E descreveu, nestes termos, a imagem da sua e nossa Igreja naquele dia:
As ruas e as estradas das quatrocentas e setenta e sete paróquias da diocese do Porto, a norte e a sul do Douro, entre o Antuã e o Ave, tornaram-se, hoje, braços de um grande rio a guiar-nos para este mar de fé. Queremos dizer ao futuro este nosso modo feliz e mariano de viver a fé e este desejo incontido de anunciar a alegria do Evangelho no Porto, Cidade da Virgem e Terra de Santa Maria.”.
Como novidade, ressalta a perspetiva do Sínodo Diocesano em horizonte, que o prelado aqui confia, “desde já, à proteção da Mãe de Deus e Mãe da Igreja, Senhora do Rosário de Fátima”.
Por fim, pediu “à Virgem Maria, Senhora de Fátima, Senhora de Vandoma e Senhora da Assunção, nossa Mãe e Padroeira, com as palavras do Papa Francisco”:
“Que nos ajude a anunciar a todos a mensagem da salvação, que nos ensine a acreditar na força revolucionária da bondade, da ternura e do afeto e nos dê a santa audácia de buscar novos caminhos para que chegue a todos o dom da beleza que não se apaga, a alegria da fé que nunca se esgota e o fascínio das bem-aventuranças que inspiram a missão da Igreja e transformam o Mundo” (cf EG, n.º 288).
***
No final da celebração, também o bispo de Leiria-Fátima, anfitrião, deixou uma palavra aos diocesanos do Porto que serviu durante 25 anos, quer no Seminário Maior do Porto quer como sacerdote em várias comunidades. A este respeito, saudou num tom visivelmente emocionado:
Salve, querida diocese do Porto, bem-vinda a Fátima e que Nossa Senhora de Fátima te abençoe, ilumine e acompanhe sempre com o seu auxílio materno”.

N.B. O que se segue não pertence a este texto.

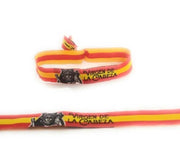 Comprar Pulsera tela Virgen de la Cabeza de Andújar bandera de España Bandera España La Flamenca de Borgoña Patricia Muñoz VOX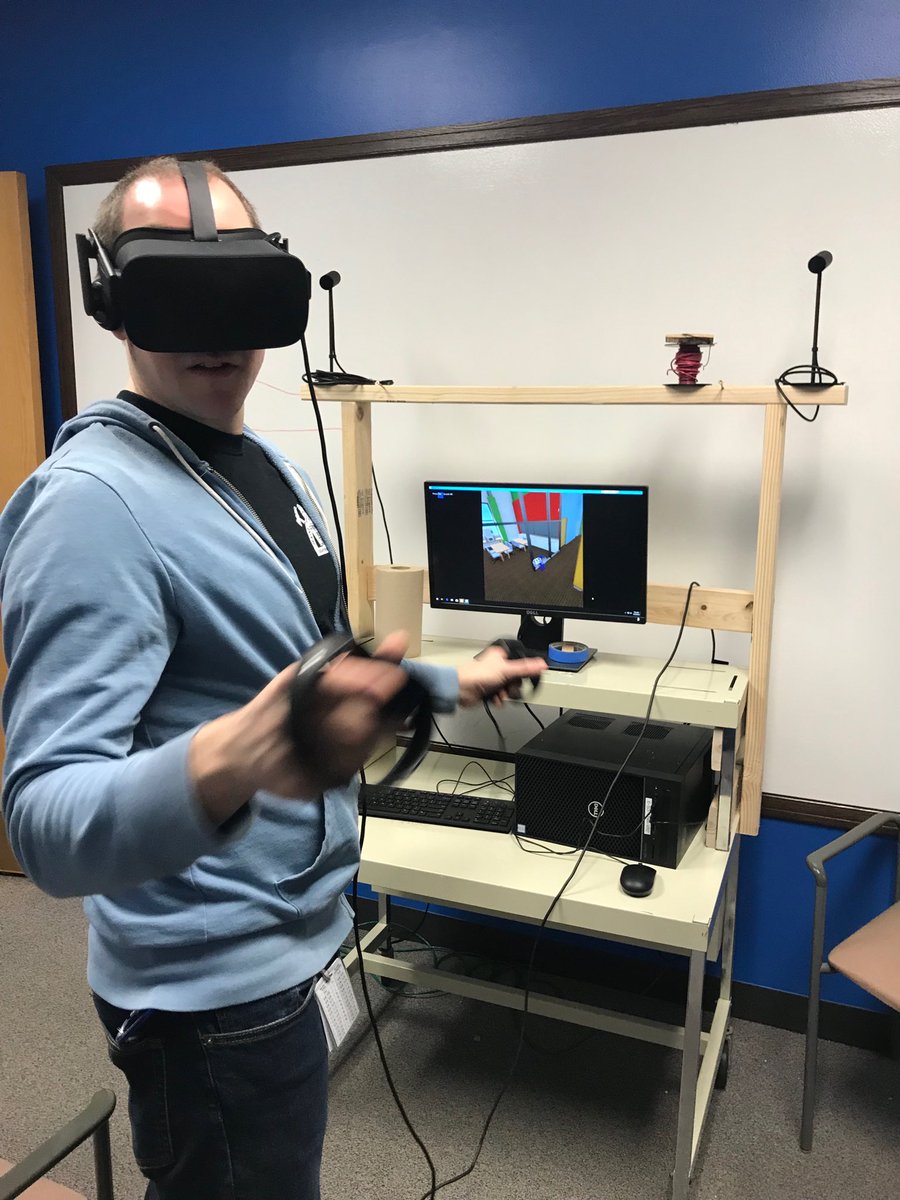 stewart934's tweet photo. Getting a virtual tour of a library! PLTW CEA students will start their own designs after break. @KenWallace207 can we do this with the renovations?! #authentic_learning https://t.co/bDsetLG24a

E, em jeito de justificação, porfiou:
“Nunca esquecerei toda a vitalidade que encontrei na diocese do Porto, que me ajudou a viver a fé e o meu ministério, aprofundando-o (…). Quero mostrar a minha gratidão por tudo o que recebi da diocese do Porto e das grandes amizades que lá fiz – as belas recordações e as saudades que guardo no meu coração.”.
***
Foi assim vivido extra muros o grande dia da Igreja Diocesana do Porto na sua condição de Igreja cada vez mais em saída, peregrina e missionária, sob os auspícios da Mãe e a balbuciar a mística da sinodalidade!